Short web captions:

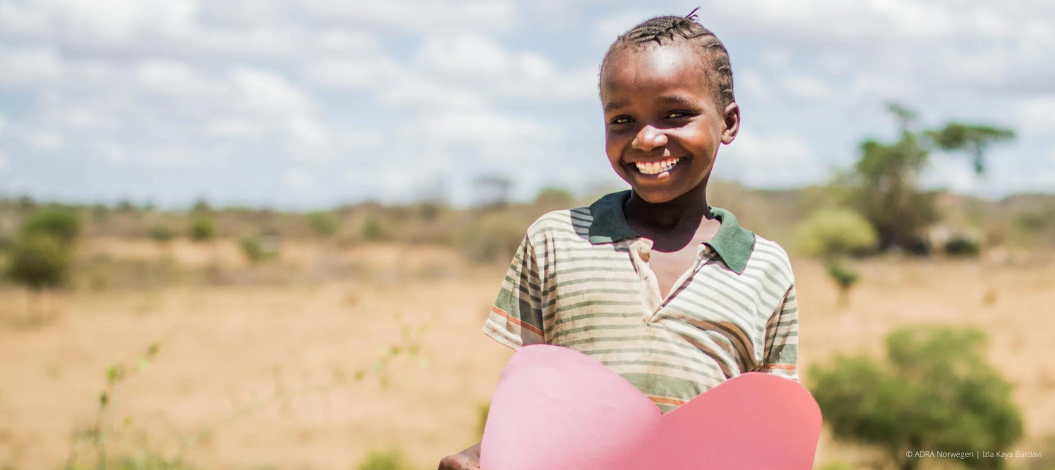 Lächelndes Kind in Kenia hält ein großes rotes Papierherz mit beiden Händen vor sich.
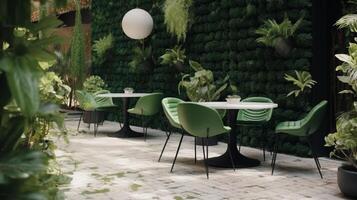 Cafe garden with modern green tropical plants, round glass coffee table with umbrella. photo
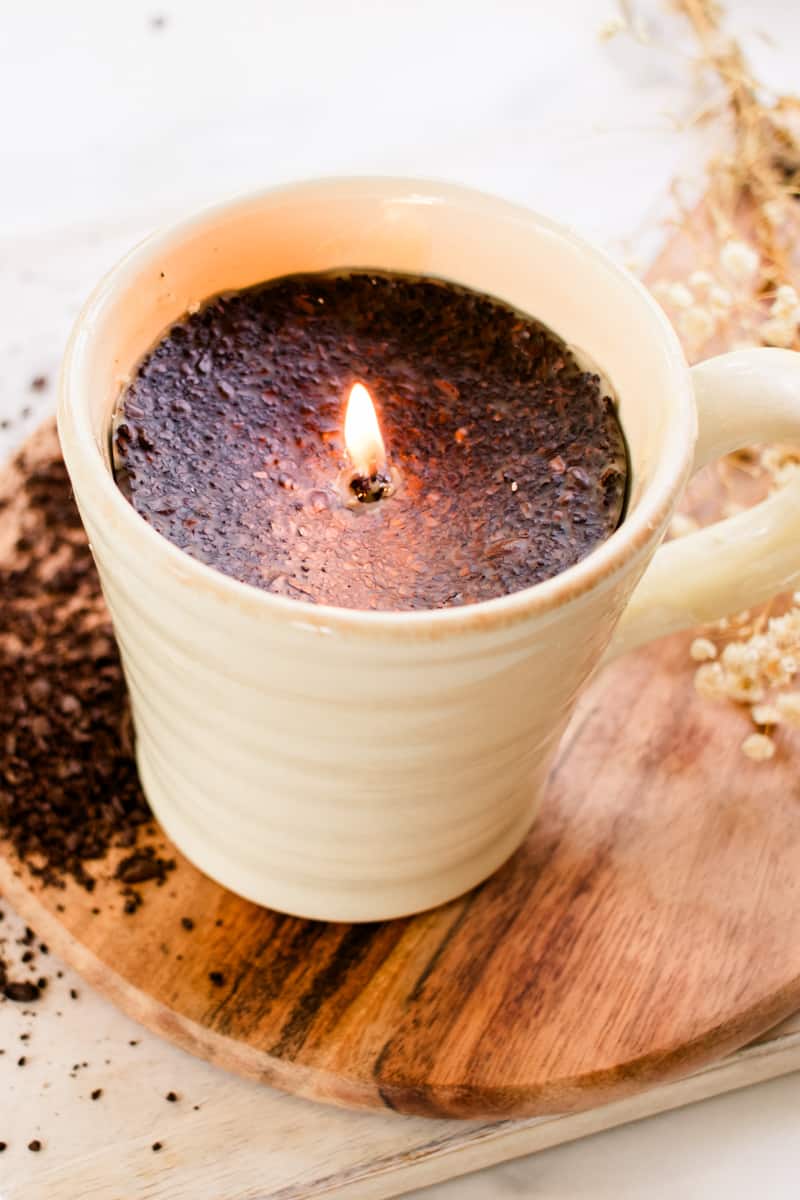 Lighting a DIY coffee candle for the first time after making it in a coffee mug.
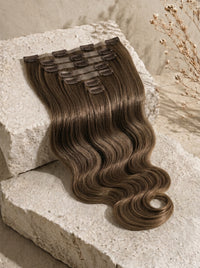 Dark brown body-wave weft with clip tabs on hairpiece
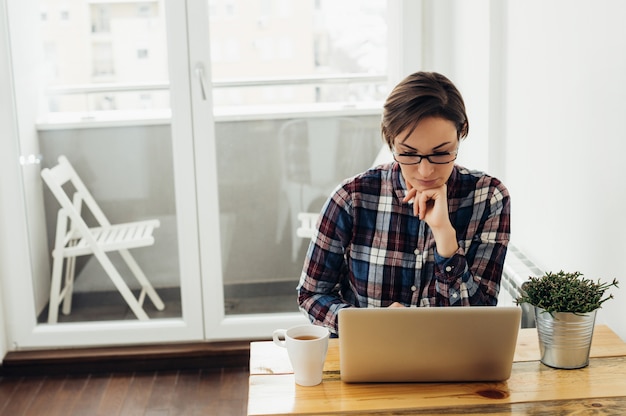 Femme pensive travaillant à la maison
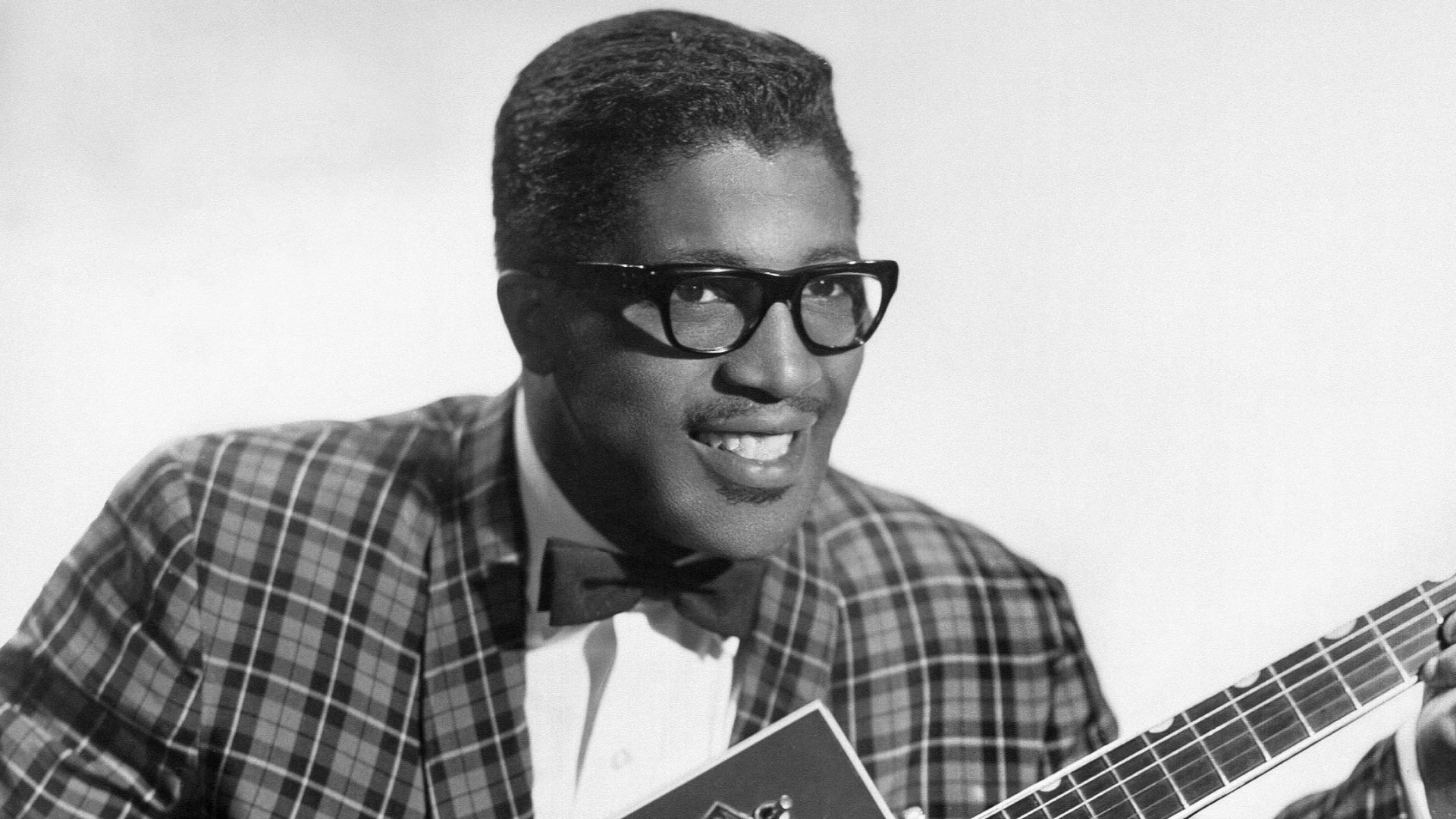 Publicity portrait of American blues musician Bo Diddley, 1957, sitting with his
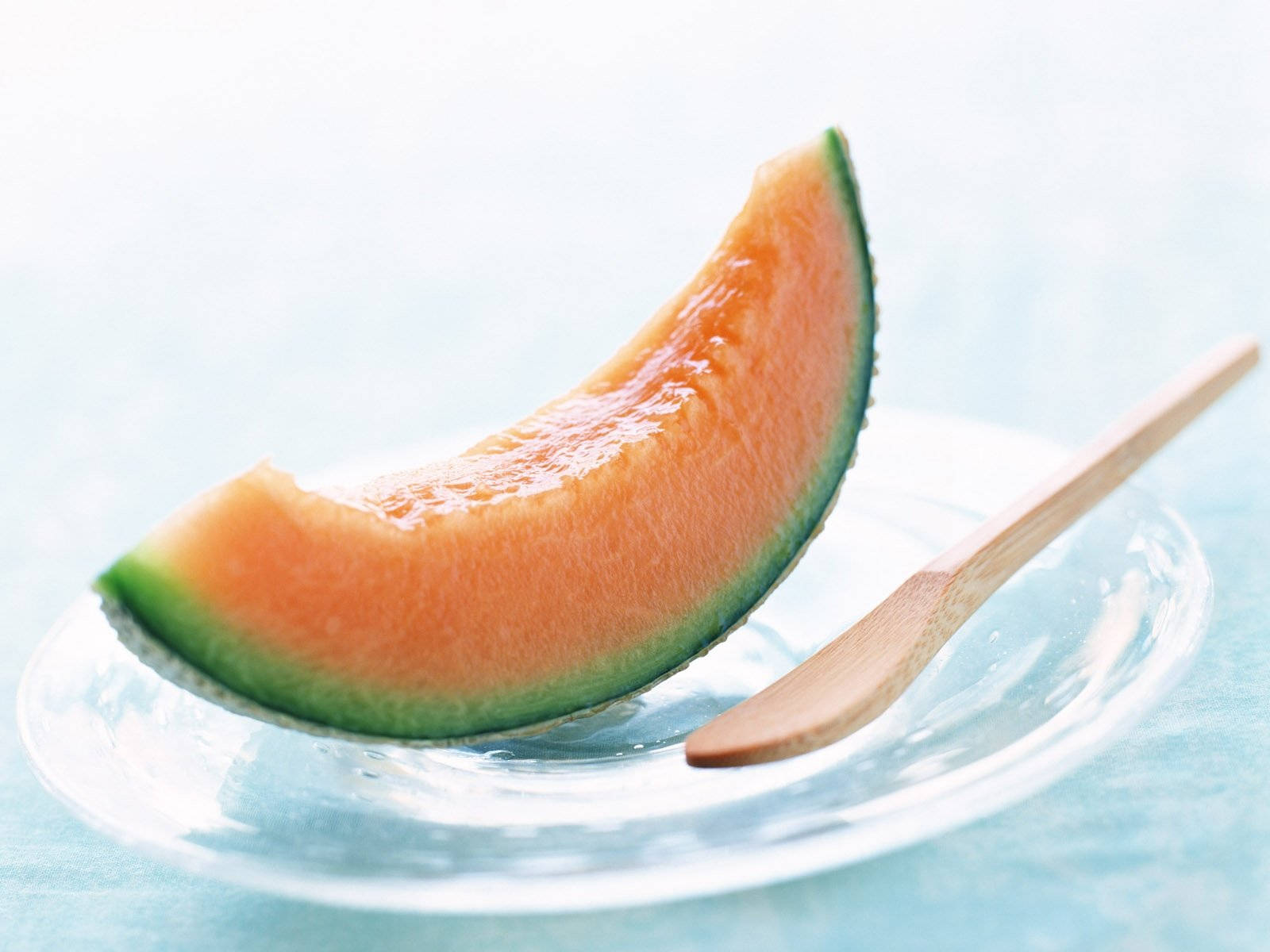 Cantaloupe On Plate Background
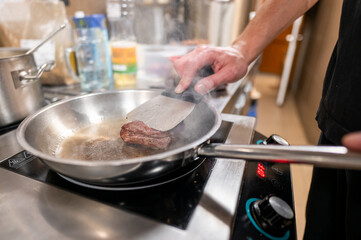 A chef skillfully flips a piece of meat in a stainless steel pan on a modern stovetop. The kitchen setting features various cooking tools and a hint of steam, showcasing culinary preparation.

• PROBLEM
Copy exactly, please, every line from the one holding "Femme pensive travaillant à la maison" through the last line of the data, both ends included, and no pictures.

• EXERCISE OUTPUT
 Femme pensive travaillant à la maison
 Publicity portrait of American blues musician Bo Diddley, 1957, sitting with his
 Cantaloupe On Plate Background
 A chef skillfully flips a piece of meat in a stainless steel pan on a modern stovetop. The kitchen setting features various cooking tools and a hint of steam, showcasing culinary preparation.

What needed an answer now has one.